Folhagem de sono, desbaratinada*


Eram quatro horas e treze (treze, porquê treze?) minutos. Em ponto. Acordei, assarapantado, a pensar em Kafka; e com vontade de rascunhar uma ideia. Não propriamente rascunhar uma ideia, antes escrever umas frases, não propriamente umas frases, mas desenhar (rabiscar) uma estrutura de frase-poeminha, desenhar a sua forma, assim: morfologicamente pobre mas com adjectivos e substantivos, as vírgulas exactas, as pausas exactas, a cadência certa, uma frase-poeminha para ser lida em voz alta.
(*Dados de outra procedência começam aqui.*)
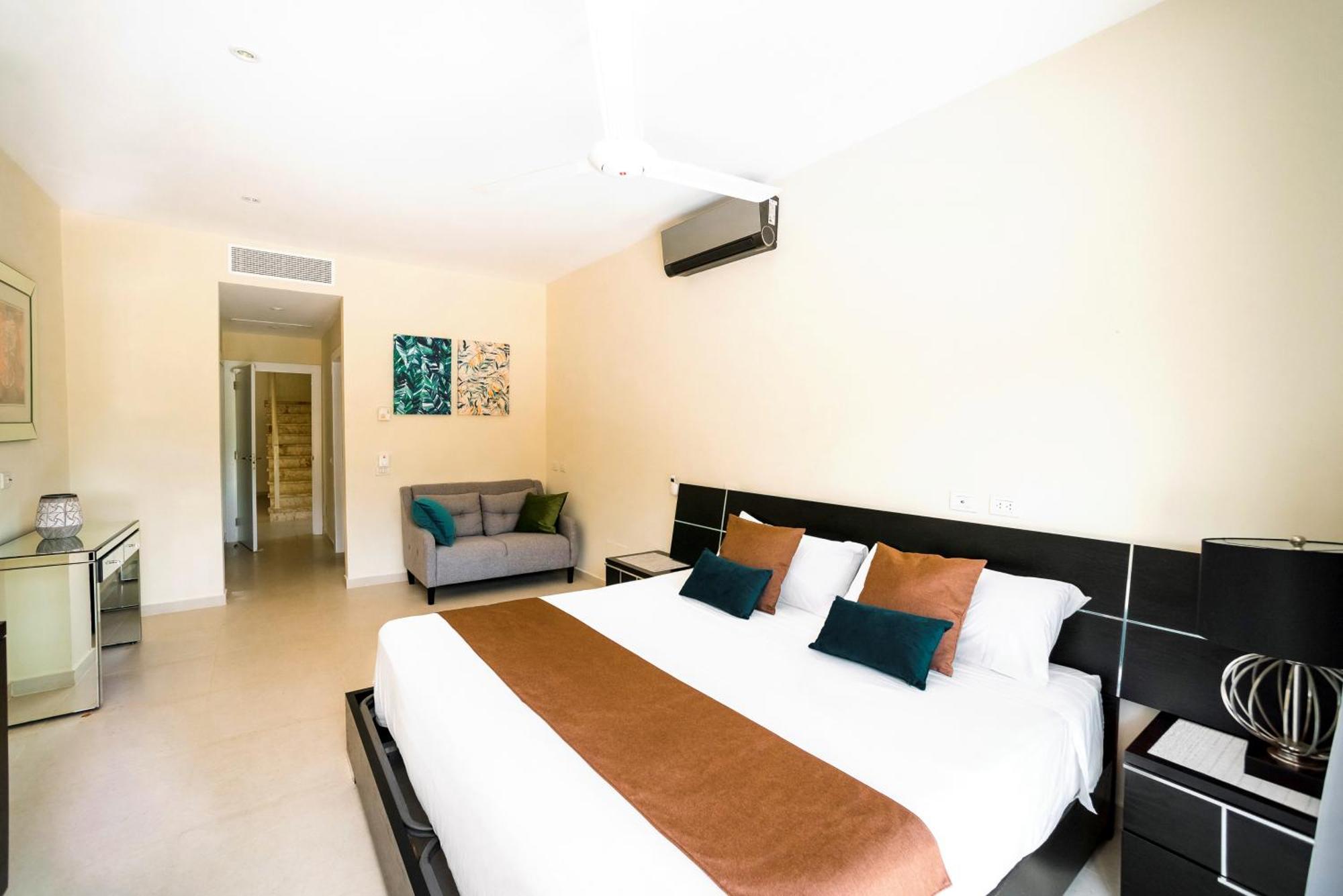 Luxury Private Villas With Pool, Private Beach, Bbq Villa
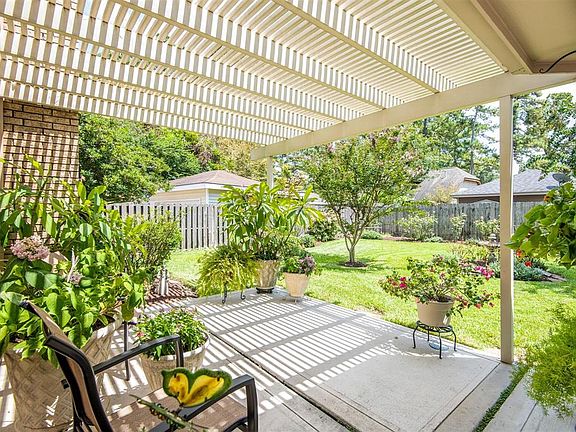 Such a nice shaded back patio, look at these beautiful plants!
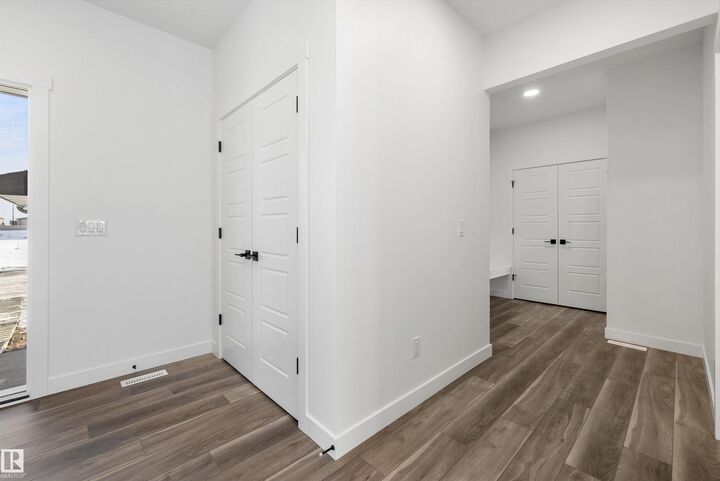 Property Photo:  19428 25 Avenue NW  AB T6M 1P5 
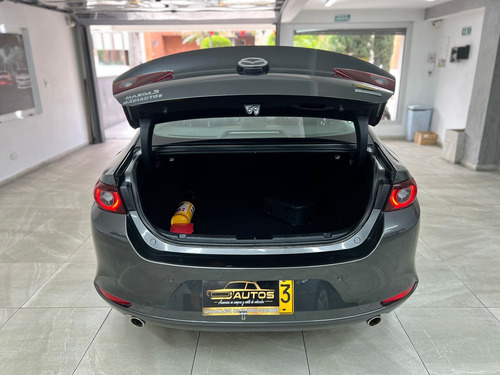 Mazda 3 Touring Híbrido AT 2.0 2023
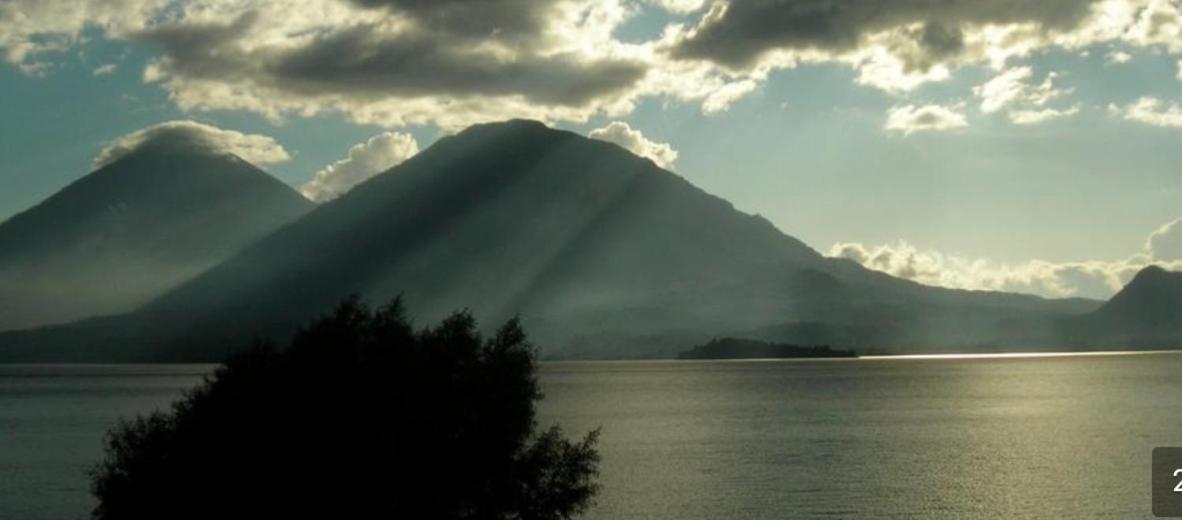Sky view Atitlán lake suites ,una inmejorable vista apto privado dentro del lujoso hotel Panajachel Esterno foto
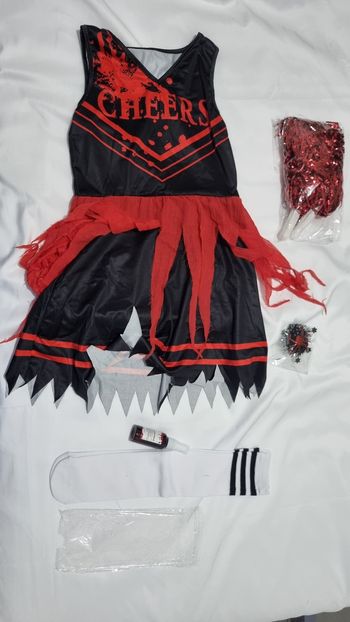 Déguisement Zombie kit complet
De manhã, quando acordei, li e não gostei. Pareceram-me frases ultrapassadas, antiquadas, aborrecidas, já não se escreve assim. Dizem por aí que a forma pouco interessa, que a teoria das formas é coisa antiga, é coisa de Platão. Escreve-se tão pobremente (tão desconsoladamente)! Não se cuida da elegância e da beleza e do ritmo das frases. Confesso ainda que há palavras que, de tão feias, nunca (birrento quanto baste) utilizarei, nunca; por exemplo, javardice e politiquice, mesquinhice e palermice, parolice e quejandos. Posso não ter nada a dizer (é o caso) mas prefiro escrever de forma a embalar quem me lê, sem estórias da carochinha ou piadas inocentes, óbvio. Mais. Tenho a certeza de que a música de um texto é importante. Qual foi a frase-poeminha que escrevi? Querem mesmo saber? Escrevo, não escrevo, escrevo. Ela aí está:
- “A vida, chamemos-lhe assim, foi sempre a tua música mas também a tua ferida. Não encostes a face à melancolia, liga-te à música do rouxinol e da cotovia... O teu corpo, a tua beleza conseguida, é o lugar da furtiva luz despida.

*Desbaratinada: "é assim como uma barata tonta sem telemóvel".